What the task asks: Repetition must be exact and must stop with the line bearing "Kit 3 Quadro". It begins at the first line of the records and includes no pictures.

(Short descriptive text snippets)
*** Block opens ***

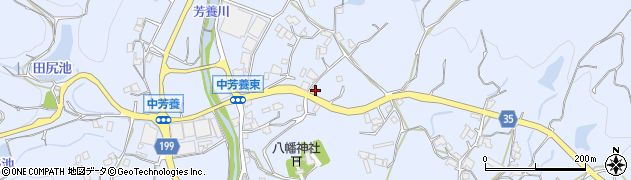 和歌山県田辺市中芳養798周辺の地図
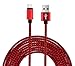 UNISAME 10Ft Extension Micro USB Bold Extra Strong Braided Charging Sync Data Cable Charger Cord for Galaxy S7 S6 Edge S5 Note 4 5 Tab, Moto G X, HTC and more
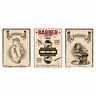 Kit 3 Quadro Decorativo Barbearia Salão Cabeleleiro Vintage 40x28cm - 2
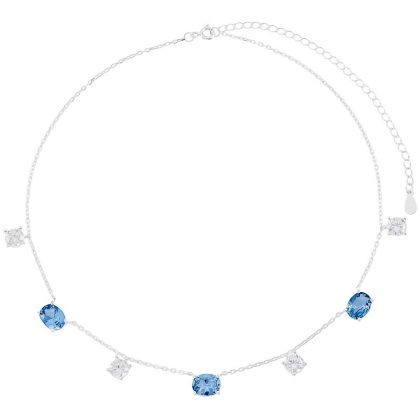 Choker aquamarine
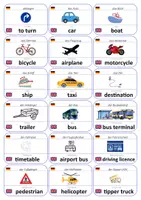 Vorschau - Fördermaterial/Inklusion - Englisch Flashcards: Stadt & Verkehr - Seite 1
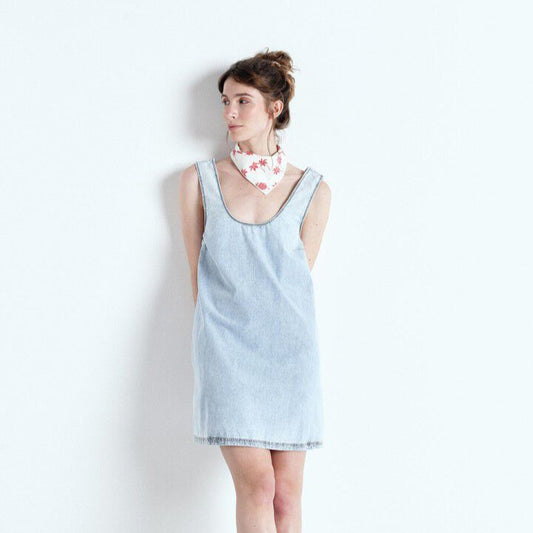 American Vintage Dress Paybou Blue Snow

*** Block closes ***

Completed task:
 和歌山県田辺市中芳養798周辺の地図
 UNISAME 10Ft Extension Micro USB Bold Extra Strong Braided Charging Sync Data Cable Charger Cord for Galaxy S7 S6 Edge S5 Note 4 5 Tab, Moto G X, HTC and more
 Kit 3 Quadro Decorativo Barbearia Salão Cabeleleiro Vintage 40x28cm - 2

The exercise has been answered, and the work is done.